Second, given all the contemporary controversy over sexuality in education, it boggles the mind that the powers-that-be in Montgomery County never seem to have imagined that a significant portion of the citizenry in suburban Washington might object to the sex education curriculum, and that it would be wise to take the opposition seriously. But plainly they didn’t, as evidenced by county school officials’ grossly editorial prediction that the challenge would come to nothing, their failure to notice the obvious and flagrant constitutional violation in endorsing some religious beliefs over others, and their evident shock at the adverse court ruling.

To be sure, readers of the Washington Times would never have guessed that the people who put the sex-ed curriculum together were not 1960s free-love types, or that they were responding in good faith to the realities of contemporary adolescent life. But the Montgomery County dispute is just the latest in a long series of cases involving religion and the public schools in which elites failed to take conservative Christians seriously.

So where does the struggle over homosexuality in the schools stand at this point in time? Where to turn but the country’s newspaper of record—or perhaps not.

On June 9, 2005, the New York Times published a 1,350-word article by Michael Janofsky, “Gay Rights Battlefield Spread To Public Schools,” that begins, “Emboldened by the political right’s growing influence on public policy, opponents of school activities aimed at educating students about homosexuality or promoting acceptance of gay people are mounting challenges to such programs.”

The article backed up this view of the strategic positions of the forces on the battlefield by quoting James Esseks, director of the ACLU Lesbian and Gay Rights Project of the ACLU: “There are a bunch of people who very much want to remove from public discourse any mention of homosexuality.”

Discussing the Montgomery County case, Janofsky omitted any reference to the fact that the teaching materials endorsed some religious views and criticized others, and that a federal court had invalidated the program for that reason. Nor, in his report from the battlefield, was there any mention of tactical efforts on the “gay rights” side, such as at least two widely publicized disputes over students wearing anti-gay t-shirts to school that have ended up in court.

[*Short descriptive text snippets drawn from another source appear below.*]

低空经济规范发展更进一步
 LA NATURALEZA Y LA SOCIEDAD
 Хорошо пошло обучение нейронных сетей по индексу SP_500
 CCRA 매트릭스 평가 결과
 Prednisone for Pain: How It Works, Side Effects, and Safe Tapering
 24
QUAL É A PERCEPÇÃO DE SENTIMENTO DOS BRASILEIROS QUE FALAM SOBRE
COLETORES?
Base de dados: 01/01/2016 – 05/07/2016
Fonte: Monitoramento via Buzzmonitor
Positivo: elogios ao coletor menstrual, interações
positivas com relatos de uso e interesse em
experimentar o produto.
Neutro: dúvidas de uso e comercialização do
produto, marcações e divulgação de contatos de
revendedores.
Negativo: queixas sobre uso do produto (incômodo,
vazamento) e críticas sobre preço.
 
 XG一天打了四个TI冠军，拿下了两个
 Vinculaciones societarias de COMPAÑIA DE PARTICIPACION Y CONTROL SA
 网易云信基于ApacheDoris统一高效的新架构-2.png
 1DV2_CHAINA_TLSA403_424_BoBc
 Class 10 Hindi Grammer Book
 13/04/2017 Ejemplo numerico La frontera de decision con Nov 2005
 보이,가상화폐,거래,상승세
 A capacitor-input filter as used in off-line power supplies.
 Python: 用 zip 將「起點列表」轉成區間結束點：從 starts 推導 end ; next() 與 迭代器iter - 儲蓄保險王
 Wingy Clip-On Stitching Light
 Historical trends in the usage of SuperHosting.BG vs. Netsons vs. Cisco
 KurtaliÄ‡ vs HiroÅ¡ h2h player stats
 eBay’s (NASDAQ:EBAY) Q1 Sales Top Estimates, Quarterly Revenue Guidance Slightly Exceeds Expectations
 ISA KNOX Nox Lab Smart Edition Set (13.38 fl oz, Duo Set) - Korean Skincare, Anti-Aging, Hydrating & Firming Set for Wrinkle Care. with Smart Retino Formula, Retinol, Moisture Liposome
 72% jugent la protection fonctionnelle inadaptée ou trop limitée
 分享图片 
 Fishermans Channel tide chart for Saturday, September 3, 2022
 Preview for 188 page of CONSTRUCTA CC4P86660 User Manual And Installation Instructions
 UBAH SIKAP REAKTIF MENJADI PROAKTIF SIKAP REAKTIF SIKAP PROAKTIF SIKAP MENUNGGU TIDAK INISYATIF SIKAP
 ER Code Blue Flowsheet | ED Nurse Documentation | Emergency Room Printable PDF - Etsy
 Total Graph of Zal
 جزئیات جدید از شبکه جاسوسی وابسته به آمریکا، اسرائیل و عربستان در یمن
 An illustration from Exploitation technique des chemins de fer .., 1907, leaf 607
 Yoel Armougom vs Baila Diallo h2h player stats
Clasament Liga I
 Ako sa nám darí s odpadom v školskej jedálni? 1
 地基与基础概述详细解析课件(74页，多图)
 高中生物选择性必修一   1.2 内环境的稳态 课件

There is also a case in Kentucky in which students opposed to gay rights seek to be excused from “diversity training” classes (a claim that they will likely lose) and assert that they have been punished for expressing disagreement with the school’s point of view. Another involves a diversity day in Ann Arbor, Michigan, in which a panel designed to discuss religious views on homosexuality excluded, with the blessing of school officials, religious spokespersons who believe homosexuality is condemned by the Bible. (As in Montgomery County, a federal district judge held that favoritism toward “progressive” faiths unconstitutional.)

All of the above were the subject of news coverage and reported judicial opinions within six months of the publication of the Times article. They were surely known to some of the experts Janofsky quoted.

Evidently, the Times set out not to describe comprehensively school battles over gay rights but to document an assault by the “political (= religious) right” on enlightened public opinion. By publishing what amounted to an extended opinion piece, the Times only added to the suspicion among traditional Christians that it is biased against them. The real story is more interesting and complex, with blame enough to go around.